GOAL OF THE EXERCISE -
Beginning with the line that holds "Convite para a" and ending with the last line below, repeat each line exactly, leaving any pictures out.
GIVEN MATERIAL Block Start
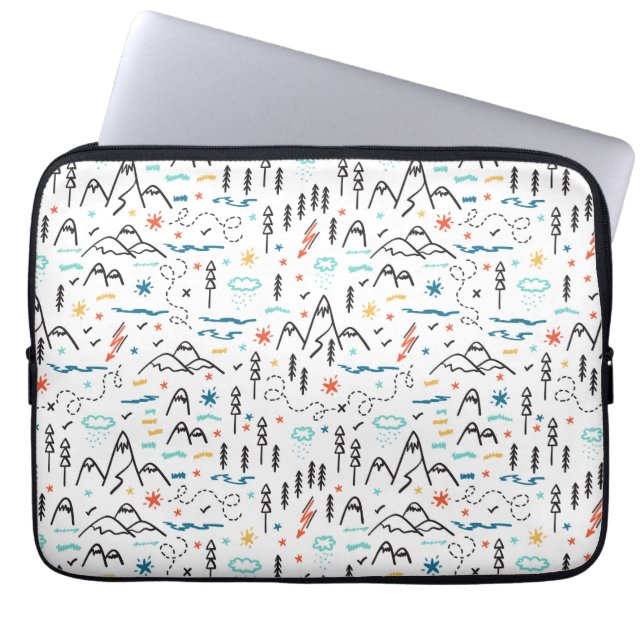 Capa Para Notebook Padrão de caminhada de montanha (Frente)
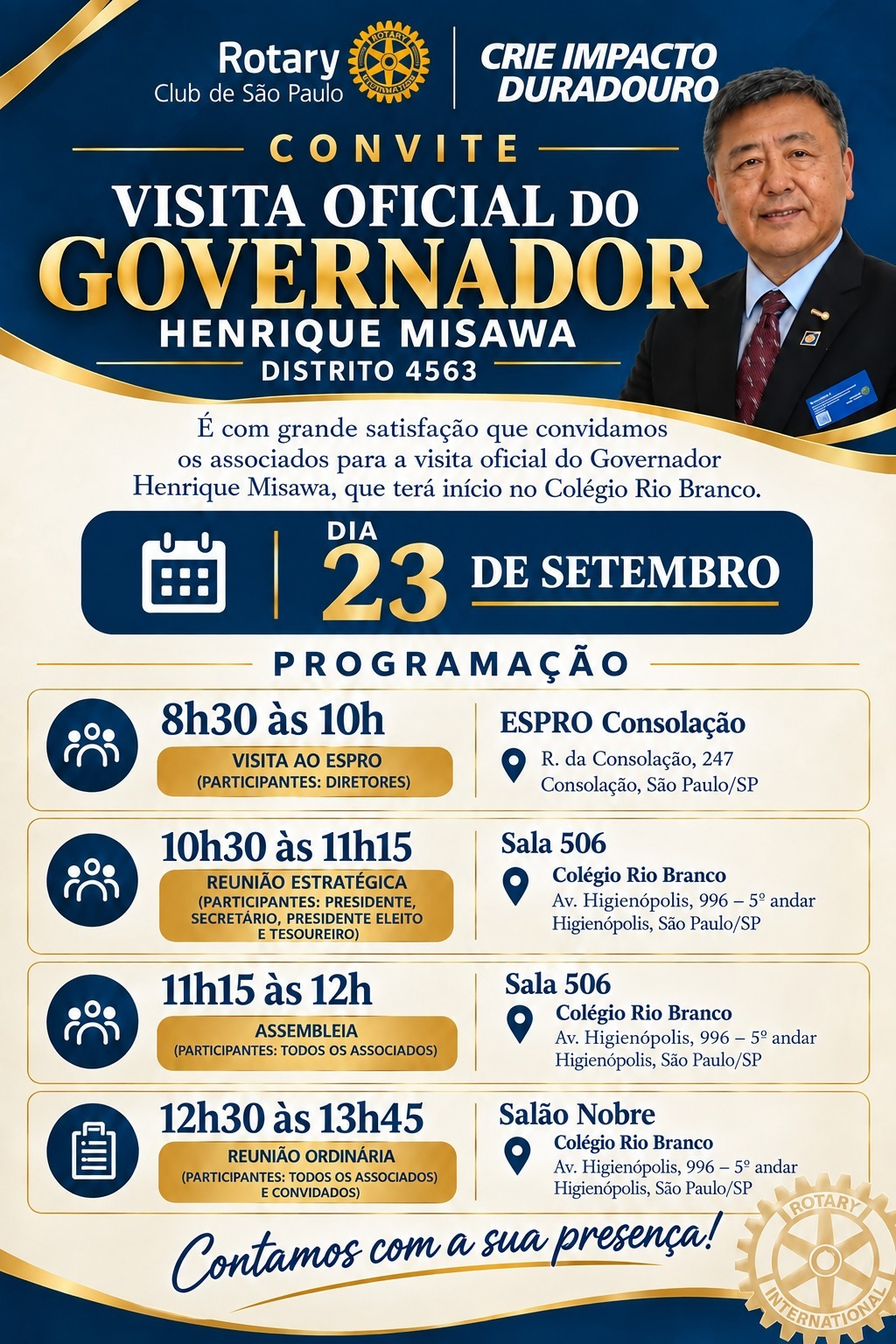 Convite para a visita oficial do Governador Henrique Misawa, Distrito 4563, em 23 de setembro de 2026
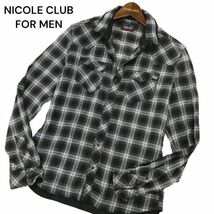 NICOLE CLUB FOR MEN ニコルクラブ フォーメン 春夏 襟袖ワイヤー★ 長袖 ウエスタン チェック シャツ Sz.46　メンズ　C4T04362_5#A_画像1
GIVEN MATERIAL Block End
RESPONSE AREA -
 Convite para a visita oficial do Governador Henrique Misawa, Distrito 4563, em 23 de setembro de 2026
 NICOLE CLUB FOR MEN ニコルクラブ フォーメン 春夏 襟袖ワイヤー★ 長袖 ウエスタン チェック シャツ Sz.46　メンズ　C4T04362_5#A_画像1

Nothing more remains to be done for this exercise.